Study Design: Consecutive case series cohort.

Objective: To determine the relative frequencies of the spine, the sacroiliac (SI) joint, and the hip joint being the primary pain generator among patients presenting at a spine surgery clinic for low back pain (LBP).

Summary of Background Data: Identification of the primary pain generator in a patient with LBP is difficult. Possible pain sources include the lumbar spine, the SI joint, and the hip joint. Their relative frequencies among patients presenting at a spine surgeon's clinic have not been well established.

Methods: Three hundred sixty-eight new patients were seen at a single spine surgeon's clinic during a 10-month period. Of these, 289 (78.5%) complained primarily of LBP with or without leg pain. Seventy-seven had previous surgery. The remaining 200 cases were reviewed for all diagnostic tests performed, as well as the final diagnosis.

Results: One hundred sixty-four (82%) had spine pathology, but only 130 (65%) had spine-only pathology, whereas 35 (17.5%) had a combination of spine plus hip and/or SI joint pathology. An additional 16 (8%) had hip and/or SI joint pathology without spine pathology. Twenty (10%) had an undefined pain source. Overall, 25 (12.5%) had hip pathology, and 29 (14.5%) had SI joint pathology.

Conclusion: For patients presenting to a spine surgeon's clinic for LBP, up to 25% of patients may have significant pain contribution from the hip or SI joints, and an additional 10% will still have an undefined pain source even after diagnostic workup. This underscores the need for clinicians to be aware of nonspinal pain generators and to appropriately pursue alternative diagnoses.

Introduction

Identification of the significant pain generator(s) in patients with low back pain (LBP) remains one of the biggest challenges to a spine specialist. In general and from an anatomic standpoint, pain may arise from the spine itself (which may need to be further localized), the sacroiliac joint,[1,2] or the hip joint.[3] Other possible but presumably less common origins of pain are the retroperitoneal structures within the abdominal and pelvic cavities. Yet, despite LBP being the most common type of pain reported by adults,[4] the second leading cause of disability,[5] and the leading cause of job-related disability in the United States costing Americans more than $50 billion dollars per year,[6] there had been no consensus on the relative frequency of different anatomic sites as major pain generators nor on an algorithm on the proper diagnostic workup of these patients.

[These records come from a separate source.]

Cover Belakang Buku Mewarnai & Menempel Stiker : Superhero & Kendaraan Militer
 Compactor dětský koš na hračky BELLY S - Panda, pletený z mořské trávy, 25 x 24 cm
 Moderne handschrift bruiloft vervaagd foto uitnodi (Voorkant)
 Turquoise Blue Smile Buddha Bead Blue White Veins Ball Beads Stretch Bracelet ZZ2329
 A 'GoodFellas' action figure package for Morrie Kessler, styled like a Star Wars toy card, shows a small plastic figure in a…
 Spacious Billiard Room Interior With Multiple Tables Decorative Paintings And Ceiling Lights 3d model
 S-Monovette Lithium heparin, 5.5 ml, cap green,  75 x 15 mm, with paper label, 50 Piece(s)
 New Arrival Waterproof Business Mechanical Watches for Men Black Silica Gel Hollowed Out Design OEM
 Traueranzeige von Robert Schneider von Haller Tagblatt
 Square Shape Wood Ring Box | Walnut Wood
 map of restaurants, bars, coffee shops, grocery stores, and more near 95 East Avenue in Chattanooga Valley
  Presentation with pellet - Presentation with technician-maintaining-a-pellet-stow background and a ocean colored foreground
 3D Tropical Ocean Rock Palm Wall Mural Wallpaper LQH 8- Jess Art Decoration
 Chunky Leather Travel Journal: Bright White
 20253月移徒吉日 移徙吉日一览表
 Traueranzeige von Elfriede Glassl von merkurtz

Our question, therefore, was: what are the relative frequencies of the spine, the sacroiliac joint, and the hip joint being the main pain generator among patients who present with low back pain at a spine surgeon's clinic? We addressed this question through a review of clinic notes on consecutive patients with a complaint of LBP with or without leg pain and noting the final diagnosis arrived at after appropriate workup. The answer to this question may then allow us to predict the pretest probability of alternative diagnoses and overlapping symptomatology among spine specialists, and to better formulate diagnostic recommendations.